■ **YOUR ASSIGNMENT**
Leaving out any pictures, print the entries that follow exactly as they stand.

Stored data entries
++++++

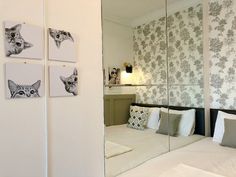 a bed room with a mirror and pictures on the wall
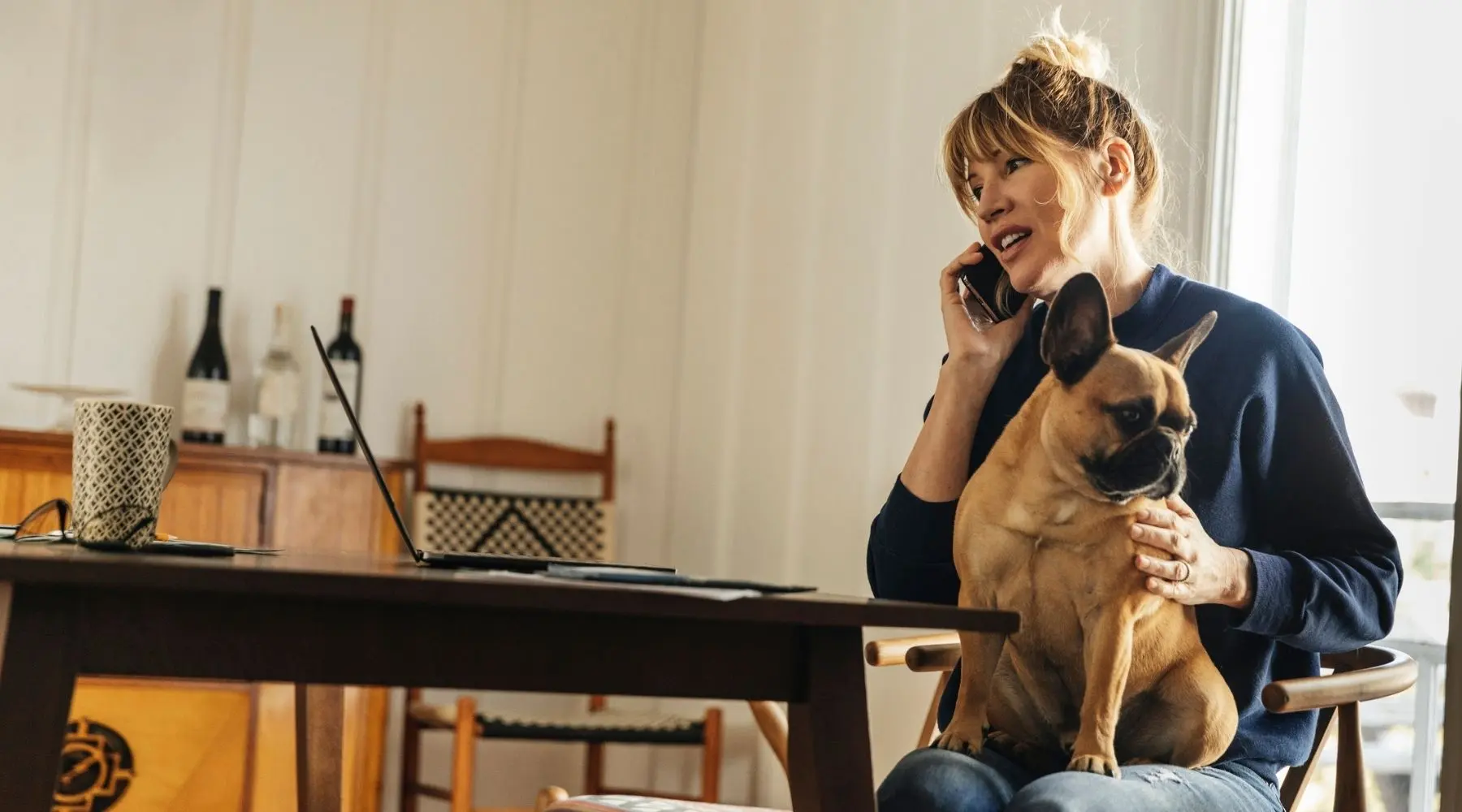 A woman talks on the phone with her dog sitting on her lap.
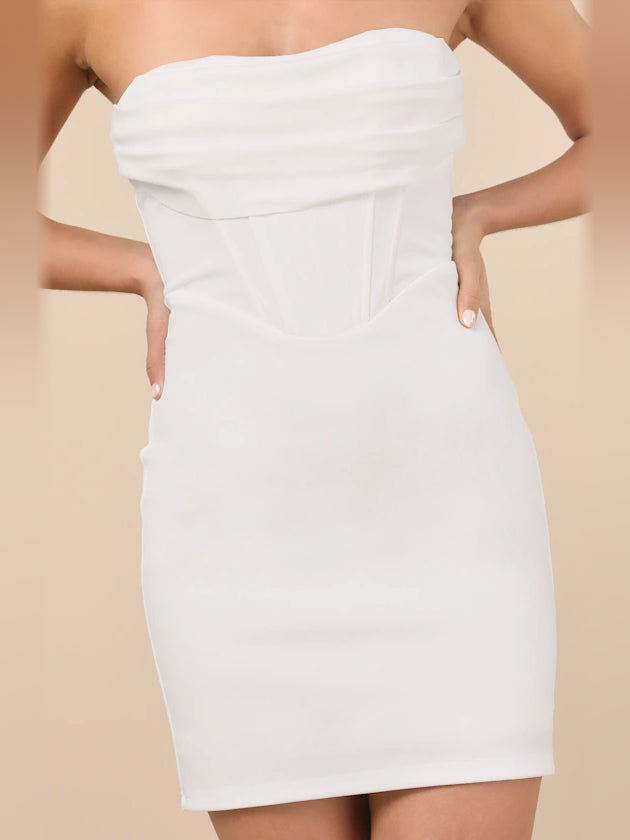 White strapless mini dress close-up with corset seams and fitted waist panel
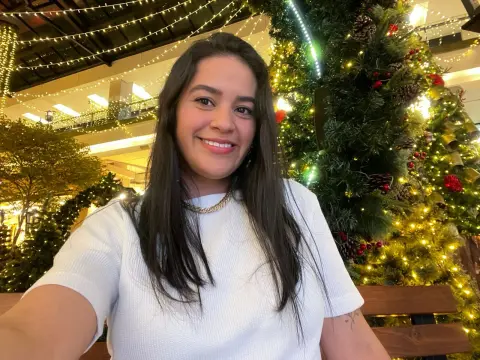 Smiling woman in a white t-shirt sitting by a glowing Christmas tree in a festive holiday setting.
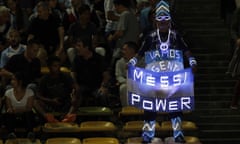 An Argentina and Lionel Messi fan holds a national flag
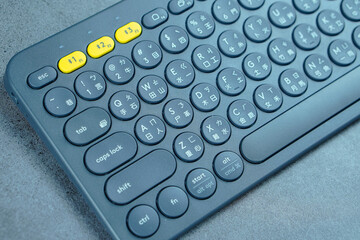 Bluetooth wireless keyboard isolated on gray background 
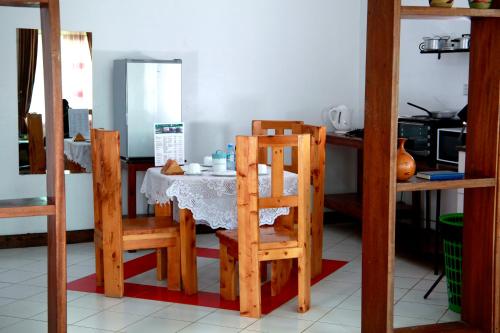 a kitchen with a table and two wooden chairs at Bunyonyi Safaris Resort in Kabale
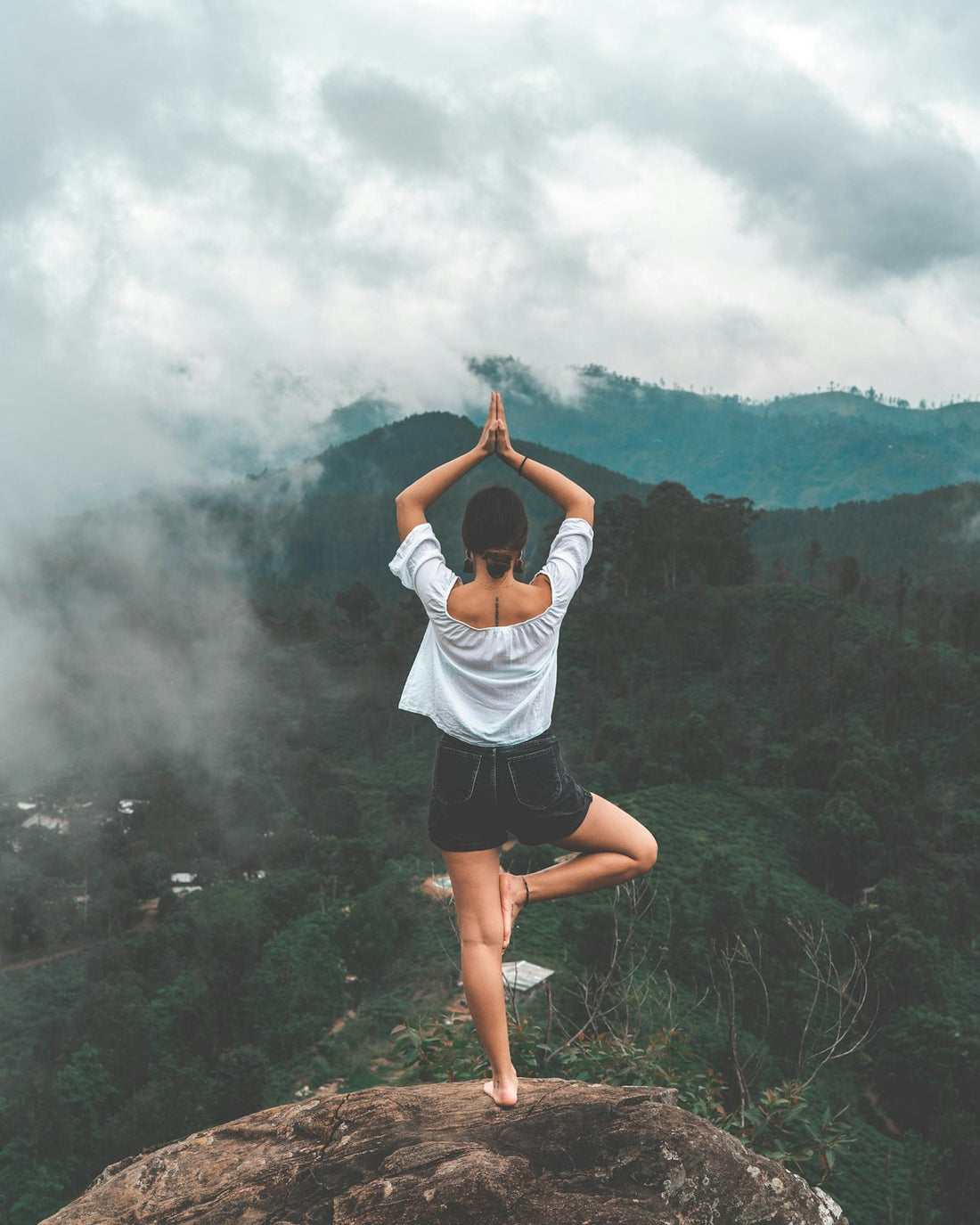 A woman standing peacefully in morning light, hands open, representing self-acceptance and positive body image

++++++

■ **SOLUTION TO THIS TASK**
 a bed room with a mirror and pictures on the wall
 A woman talks on the phone with her dog sitting on her lap.
 White strapless mini dress close-up with corset seams and fitted waist panel
 Smiling woman in a white t-shirt sitting by a glowing Christmas tree in a festive holiday setting.
 An Argentina and Lionel Messi fan holds a national flag
 Bluetooth wireless keyboard isolated on gray background 
 a kitchen with a table and two wooden chairs at Bunyonyi Safaris Resort in Kabale
 A woman standing peacefully in morning light, hands open, representing self-acceptance and positive body image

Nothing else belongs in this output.